*** Block opens ***

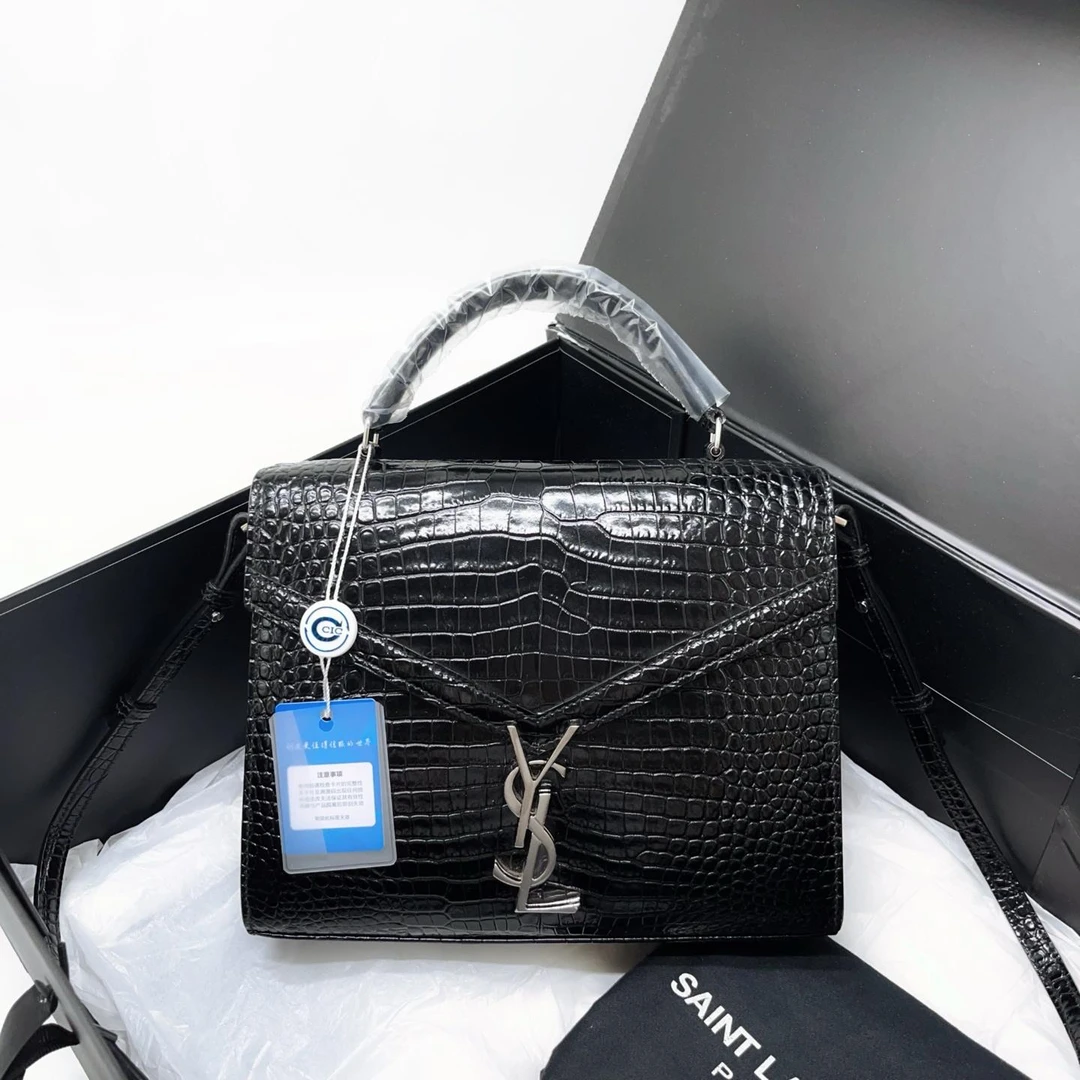 99新 YSL/圣罗兰 vv/黑银鳄鱼纹风琴/单肩包/C214398212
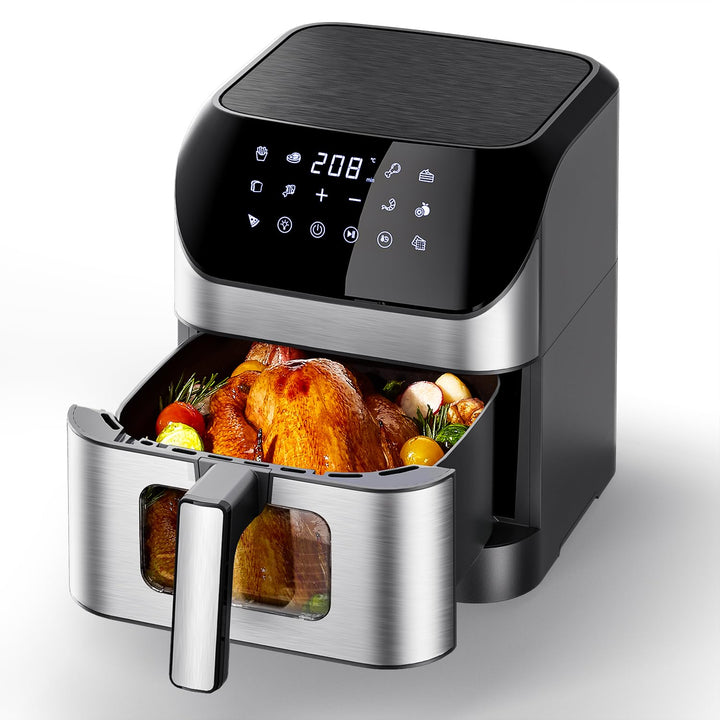 Heissluftfritteuse mit Sichtfenster 8L, Heissluftfritteuse Air Fryer mit Digitalem LED-Touchscreen,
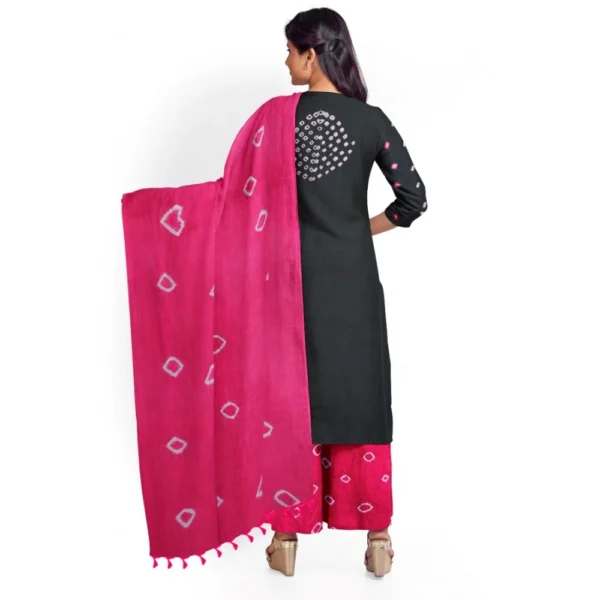 Women's Rayon Printed Unstitched Salwar Suit Material With Dupatta 2.3Mtrs (Grey) - Image 3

*** Block closes ***

*INSTRUCTIONS TO FOLLOW*: Repeat the listing in full and to the letter, excluding every image.

*SOLUTION TO THE PROBLEM*:
 99新 YSL/圣罗兰 vv/黑银鳄鱼纹风琴/单肩包/C214398212
 Heissluftfritteuse mit Sichtfenster 8L, Heissluftfritteuse Air Fryer mit Digitalem LED-Touchscreen,
 Women's Rayon Printed Unstitched Salwar Suit Material With Dupatta 2.3Mtrs (Grey) - Image 3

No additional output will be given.